Me entero que cierta sociedad civil está a punto de obtener un decreto que le permita administrar un impuesto a las fotocopias y complicarles la vida a todos los que estudian. Otro sistema regulador, otra policía, otra asociación sospechosa entre funcionarios y concesionarios en nombre de una causa noble, que en este caso sería la protección de los derechos de autor. Los responsables de la sociedad tuitean unas declaraciones de Martín Kohan en las que este no menciona las fotocopias pero declara que los escritores merecen que su trabajo sea remunerado como el de todo productor. El tema da para largo, pero no puedo dejar de señalar que cobrar derechos de autor solo beneficia a quienes venden una cantidad importante de libros, mientras que para la mayoría de los productores, como los llama Kohan, esa remuneración es casi simbólica. Un remedio parcial sería producir muchos libros aunque vendan poco, pero no sé si es muy defendible que se escriba con propósitos recaudatorios. Kohan habla del esfuerzo y la dedicación de sus colegas, pero estas virtudes no tienen relación directa con la calidad de lo producido ni con las veleidades del mercado. Los regímenes del tipo soviético independizaron a los escritores de estas últimas y decidieron pagarles un sueldo por dedicarse a su tarea, aunque los hicieron dependientes de que los funcionarios del Estado los consideraran dignos de recibirlo. No parece que ese sistema favorezca la libertad intelectual.

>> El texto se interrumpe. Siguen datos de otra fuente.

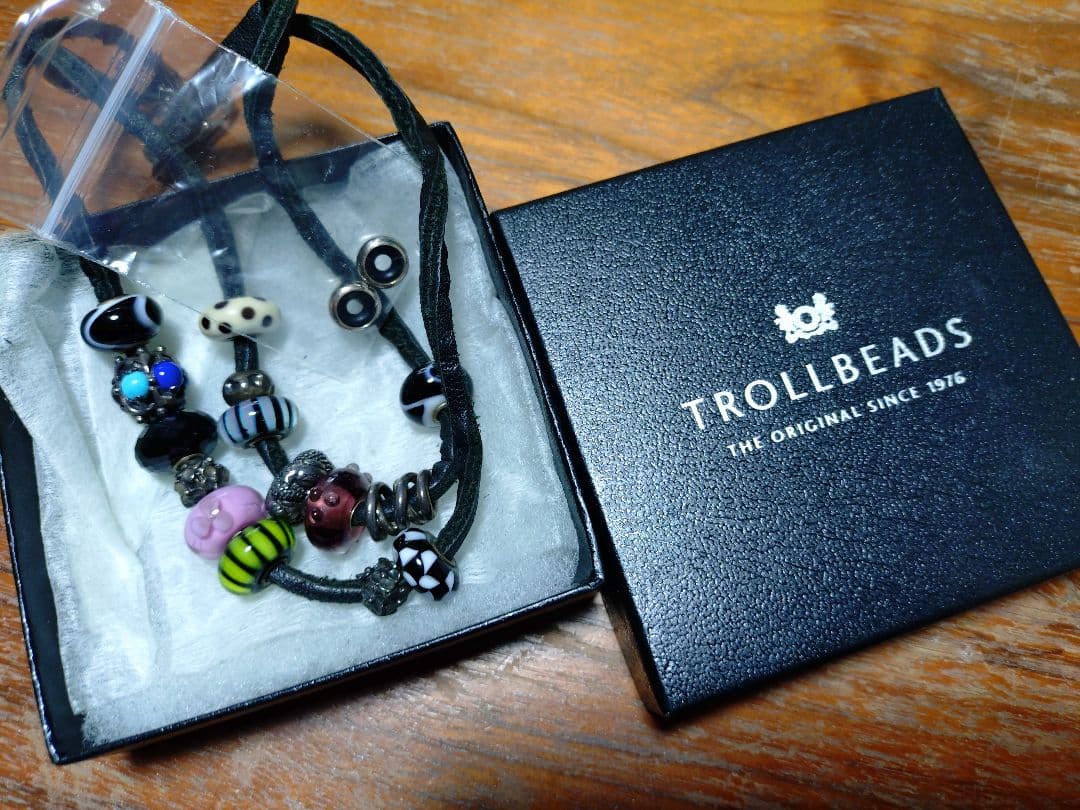 TROLLBEADSトロールビーズ/革紐ブレス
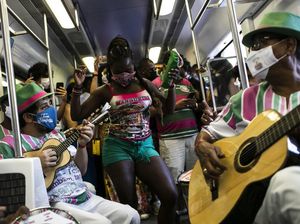 Suka Cita Warga Brasil Rayakan Hari Samba di Kereta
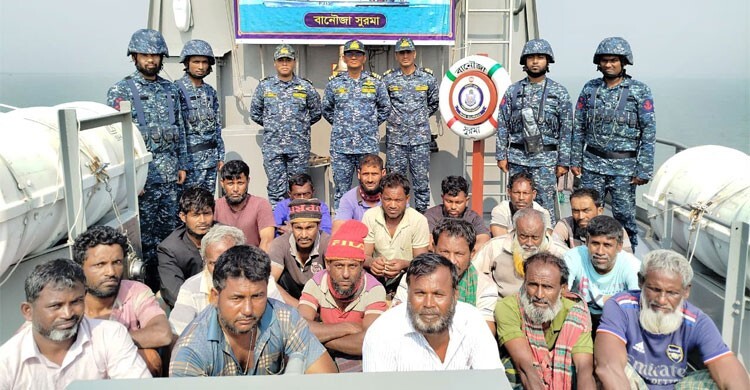 সাগরে ভাসছিলেন ২০ জেলে, উদ্ধার করলো নৌবাহিনী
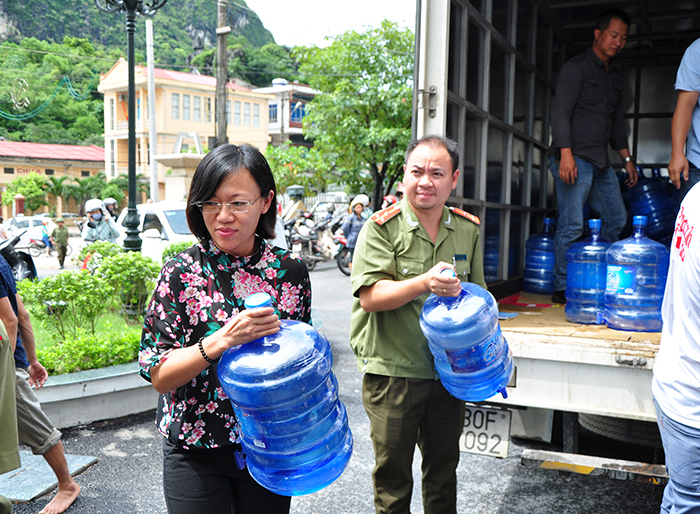 Hỗ trợ 1.000 bình nước tinh khiết cho nhân dân phường Quang Hanh (TP Cẩm Phả)
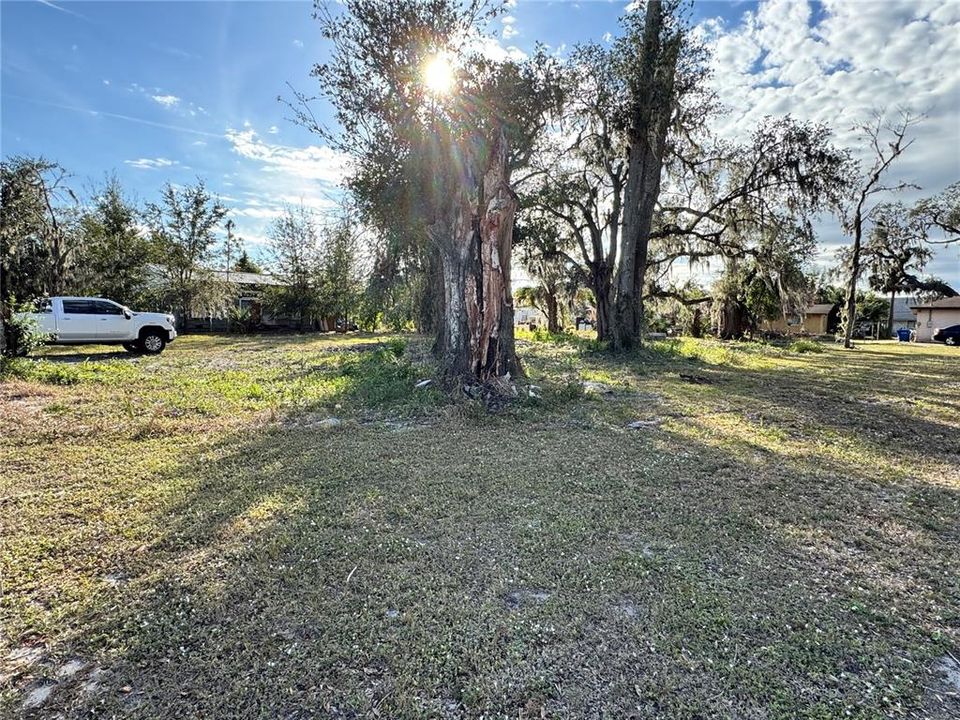 Недавно продано: $35,000 (0.15 acres)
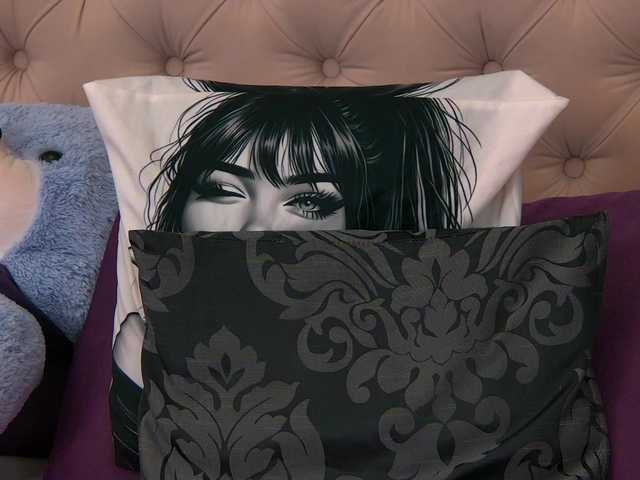 VannyFoxx's BongaCams show and profile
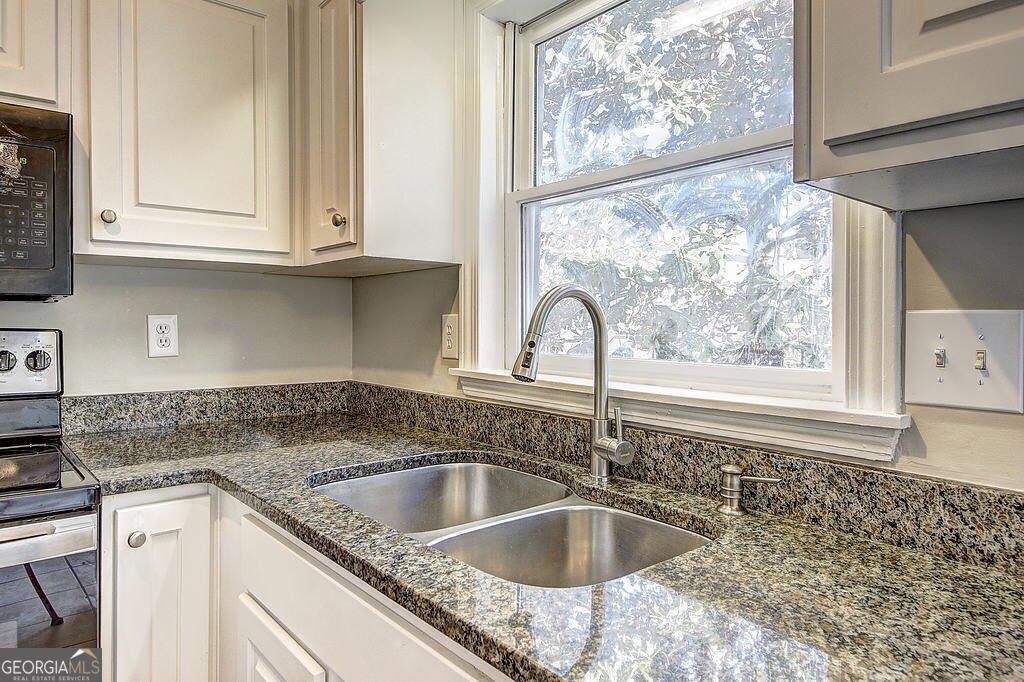 7500 Roswell Road # 58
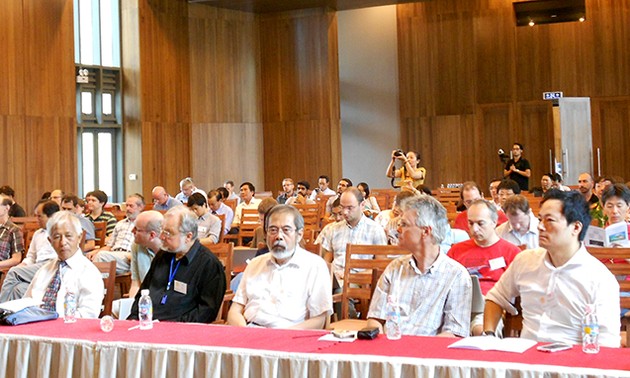 Ouverture à Binh Dinh du symposium international sur la physique 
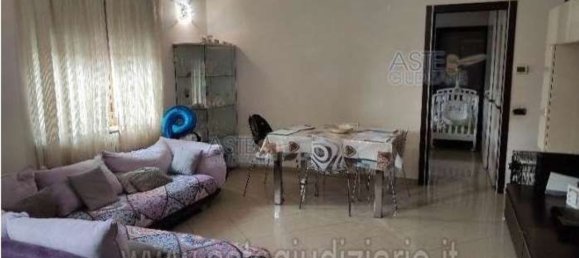 4-salle Appartement à Sesto San Giovanni, Italy No. 13893 2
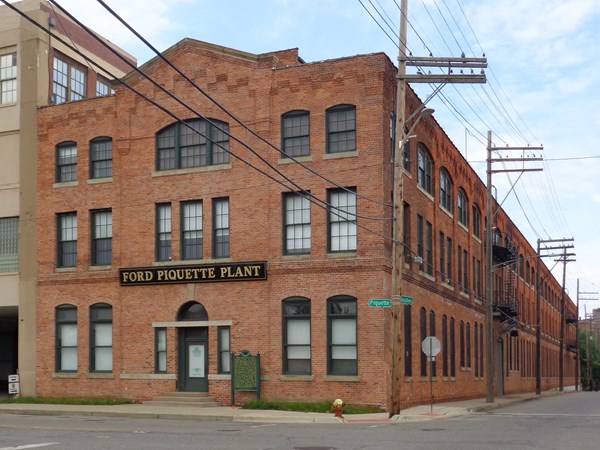 Ford_Piquette_Avenue_Plant_-_Front_Exterior1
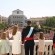 Ver la foto Los Reyes de España con sus hijas, doña Sofía y don Juan Carlos, saludan desde el balcón principal del Palacio Real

Los escritores son remunerados de otras maneras por sus obras. Una de ellas son las residencias, esas estadías en algún lugar tranquilo del planeta que las universidades y las fundaciones les otorgan para que tengan tiempo para escribir alejados de las preocupaciones cotidianas. Se sabe que muchos libros se producen al menos parcialmente en esas condiciones y es posible que las residencias den por resultado obras valiosas. Pero me perturba un poco que un escritor tenga que escribir un libro para cumplir con su parte en el intercambio.
En estos días me puse a leer Lenguas vivas, el último libro de Luis Sagasti, en el que agradece a un retiro escocés de escritores “por brindarle las condiciones ideales para comenzar a escribir este libro”. Al terminarlo, me pareció que Sagasti era una especie de superproductor, un estajanovista de la literatura. No por la extensión sino por la multiplicidad de saberes que convoca. Sagasti cuenta episodios relacionados con la literatura, la música, la plástica, la física, la astronomía, la antropología, la lingüística, y me estoy olvidando de varias disciplinas. Se trata en general de anécdotas, de fragmentos biográficos que culminan con uno propio relacionado con la muerte de un hermano.
Los relatos despiertan el interés convergente de la divulgación y de la singularidad de sus protagonistas. Sagasti tiene una enorme cultura y un estilo virtuoso, por momentos lírico. Pero su trabajo parece consistir en la glosa y el embellecimiento del resultado de sus lecturas, acaso la última estación de un mecanismo que empieza con la investigación académica, histórica o periodística y va destilando subproductos en la cadena cultural. El suyo es un método literario extensamente practicado hoy en día, una orfebrería fina a la que nadie le negaría el derecho a ser remunerada. Tal vez el problema sea ese.